The problem in this sentence is similar to that of that in the first example. A reader might assume that the intention of the passengers is to ensure the safety of other travelers, but that they will be granted access for another reason. Other misreadings are also likely. This confusion is eliminated by placing the concluding modifying phrase at the head of the sentence: “In order to ensure the safety of others traveling, passengers who refuse to complete the screening process cannot be granted access to the secure area.”
3. “America should rely on the entrepreneurship and goodness of its citizens to be a great society, not on the well-intentioned but ineffective policies of government agencies.”
This sentence is not incorrect, but it is weakly constructed, spoiling the conclusion by placing it near the head of the sentence and trailing off with the alternative. Sentences intended to persuade are most effective when they first dismiss an obverse point of view and are anchored with the point of argument. (The sentence preceding this parenthesis has a similar effect.) Also, the stated goal is stronger when located at the head of the sentence than at the tail: “To be a great society, America should rely not on the well-intentioned but ineffective policies of government agencies, but on the entrepreneurship and goodness of its citizens.”

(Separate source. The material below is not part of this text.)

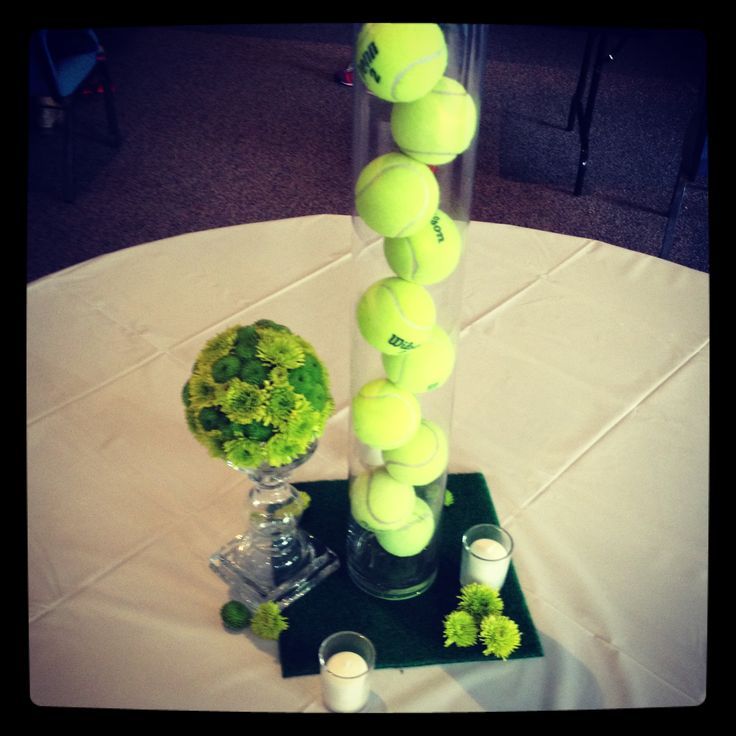 a vase filled with tennis balls sitting on top of a table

4. “Every year, colleges inject a stream of impassioned, idealistic new leaders into our nation, eager to take on our country’s toughest challenges.”
The modifying phrase “into our nation,” and especially the comma following it, retard the momentum of this sentence. By placing the phrase earlier in the sentence, the writer solidifies the “inject . . . nation” imagery and omits the obstructive comma, thereby streamlining the statement: “Every year, colleges inject into our nation a stream of impassioned, idealistic new leaders eager to take on our country’s toughest challenges.”
5. “The fact is, evangelicals have progressed a long way in a very short time when it comes to relations with Catholics.”
The explanatory modifier about the target segment of Christians for the evangelicals is best located earlier in the sentence, which is strengthened by placing the accomplishment at its end: “The fact is, when it comes to relations with Catholics, evangelicals have progressed a long way in a very short time.”Recommended for you: « Gradable Words »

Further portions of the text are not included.